Un plan de relance efficace, c’est un plan qui investira de nouveau dans les politiques publiques prioritaires (santé, éducation…) en repartant des besoins essentiels de nos concitoyens, et en prenant conscience de l’interdépendance entre ces différents segments de l’intervention publique. La pandémie a ainsi montré qu’il ne sera plus jamais possible à l’avenir de dissocier « santé » et « économie ». Sans la première, la seconde ne peut que s’écrouler…

Proposition n°5 : faire du Green Deal un axe clé du prochain plan de relance économique

Plus que jamais, ne pas sacrifier le climat sur l’autel de la relance s’impose comme un devoir impérieux à notre pays.
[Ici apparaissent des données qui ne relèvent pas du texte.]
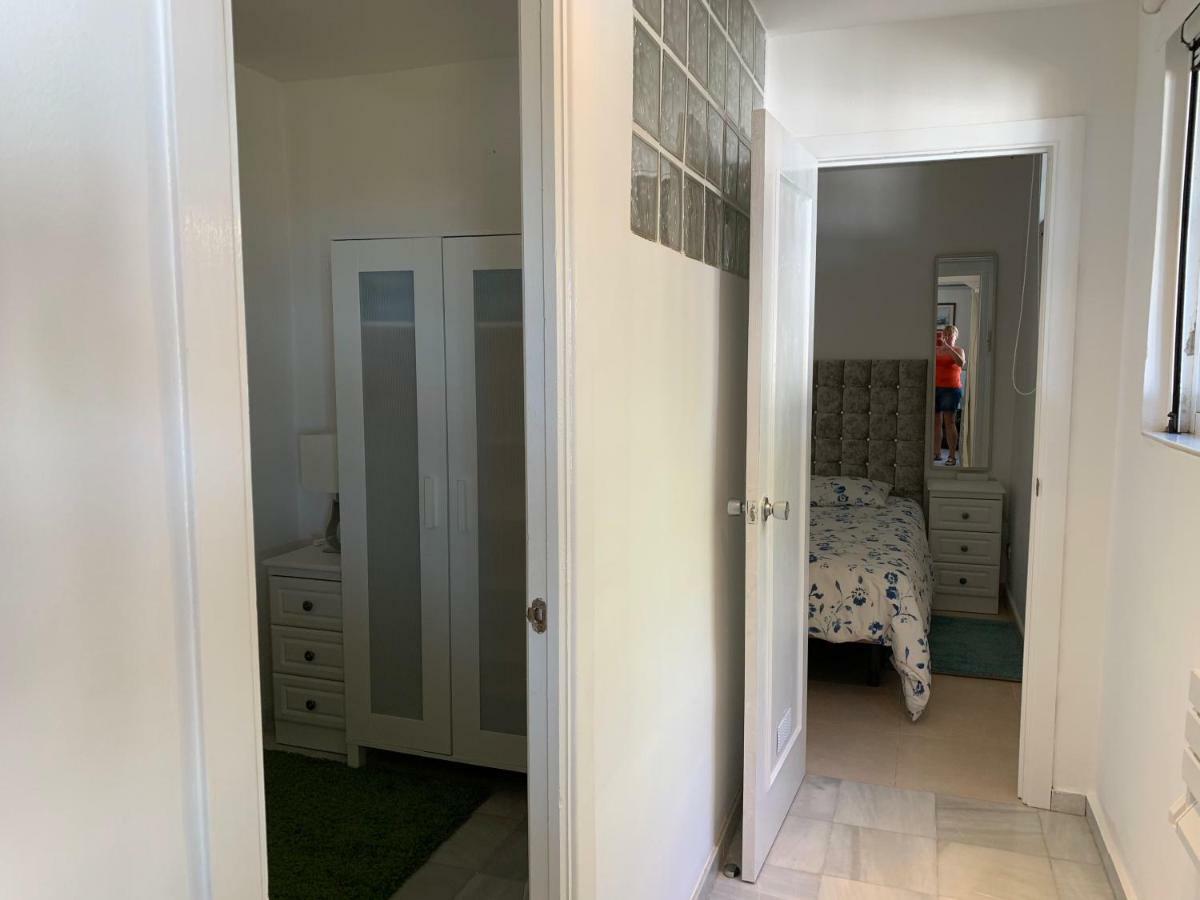 Calahonda Apartment Ситио-де-Калаонда Номер фото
L’appel lancé par les 150 membres de la convention citoyenne pour le climat il y a deux semaines doit rappeler à nos dirigeants publics qu’il n’est plus permis de négliger l’avenir du climat, de l’humain et de la biodiversité pour se concentrer sur la seule réponse à l’urgence sanitaire et économique.

L’avertissement est clair : si l’on devait reproduire les écueils de la crise de 2008 en procédant à une relance de nouveau dirigée vers le soutien à des investissements dans les énergies fossiles et aux industries néfastes à l’environnement, c’est notre engagement climatique qui en pâtirait lourdement.
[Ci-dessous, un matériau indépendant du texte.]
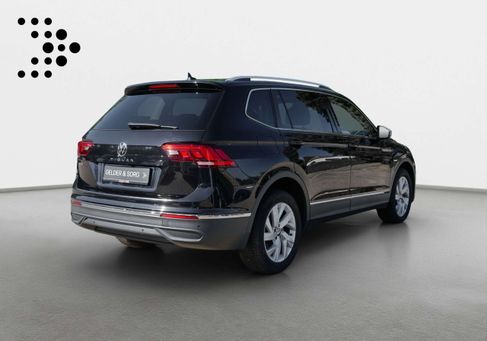 Volkswagen Tiguan Allspace, 2022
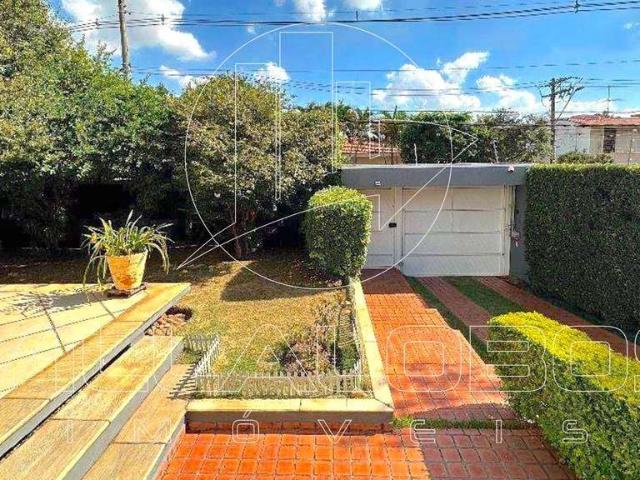 Casa / Sobrado para Venda em São Paulo/SP Bela Aliança 4 Quartos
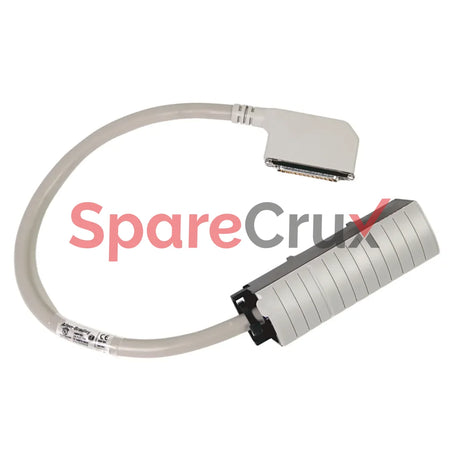 1492-Concab010X | Allen Bradley 1492 Series Pre-Wired Plc Cable 10.0M Length X-Conductor For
La crise que nous traversons doit donc être l’occasion de remettre à plat nos habitudes, et plus particulièrement celles de « se nourrir, se déplacer, se loger, travailler, produire, consommer » et à adopter une action respectueuse d’un équilibre entre le climat et l’économie.
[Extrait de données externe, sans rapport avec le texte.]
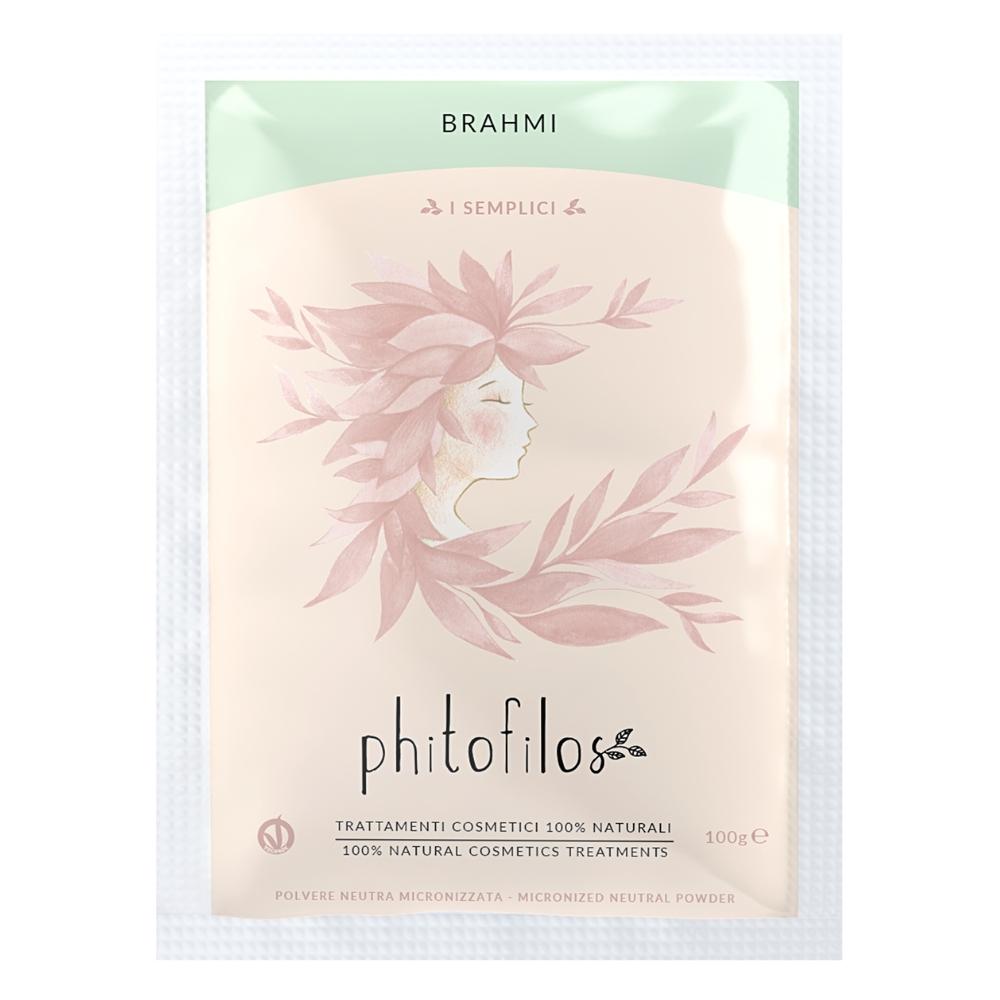 Brahmi-Pulver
Dit autrement, il s’agit – comme l’écrit le député (LREM) du Val-de-Marne, Laurent Saint-Martin, de « rendre chaque euro investi « COP21-compatible ». Un principe, qui devra pousser gouvernement et parlement à examiner avec la plus grande attention chaque proposition du plan de relance à cet aune.

Proposition n°6 : mieux associer les salariés aux résultats qui seront obtenus dans le cadre de la relance

La loi « PACTE », au printemps 2019, avait envoyé un signal très fort – via la suppression du forfait social sur l’intéressement (dans les entreprises de moins de 250 salariés) et la participation (pour celles comptant moins de 50 salariés) – de promotion de l’épargne salariale dans les entreprises. Avec un nouveau modèle d’entreprise à la clé : une entreprise plus responsable et plus collaborative.

Ces nouveaux dispositifs de partage de la valeur ont continué à prendre de l’ampleur au cours des derniers mois jusqu’à la crise.

Il est souhaitable de veiller à ce que cette dynamique ne s’écroule pas. Les salariés étant d’ores et déjà très sollicités pour participer à l’effort de reconstruction, il est normal qu’ils puissent bénéficier d’un retour de leur entreprise sur leur contribution au redressement.

Pourquoi, dans ces conditions, ne pas autoriser exceptionnellement – également dans un souci de maintien du pouvoir d’achat- le déblocage de l’épargne salariale stockée dans les plans d’épargne entreprise (PEE) au cours des douze prochains mois ? Sans conditions pour les salariés touchant jusqu’à 1,5 SMIC ou qui ont été placés en chômage partiel. Et sous condition d’achat, avec un fléchage prioritaire vers certains biens dont les ventes ont été particulièrement touchées par la crise : véhicules (hybrides ou électriques), gros appareils ménagers, travaux dans la maison, etc.

Le financement du plan de relance sera assurément un casse-tête pour le gouvernement d’Edouard Philippe. Le 18 mars dernier, un premier budget rectificatif préparé par le ministère de l’Economie et des Finances prévoyait déjà 22,5 milliards d’euros supplémentaires d’emprunts en 2020. Un montant qui pourrait encore augmenter compte tenu des dernières annonces et du plan de relance à venir, qui va nécessiter au moins un texte supplémentaire, avant de glisser vers le projet de loi de finances pour 2021.

Pour la première fois de notre histoire au moins depuis plus de trente ans, ce n’est pas la contrainte de finances publiques qui devra guider en priorité nos choix. C’est le souci impérieux de se relever. De se relever vite. Mais aussi de tirer parti de cette contrainte sans précédent que représente le coronavirus pour la transformer en une opportunité aussi forte : celle de construire un nouveau modèle d’intervention publique économique, plus juste, plus solidaire, plus durable.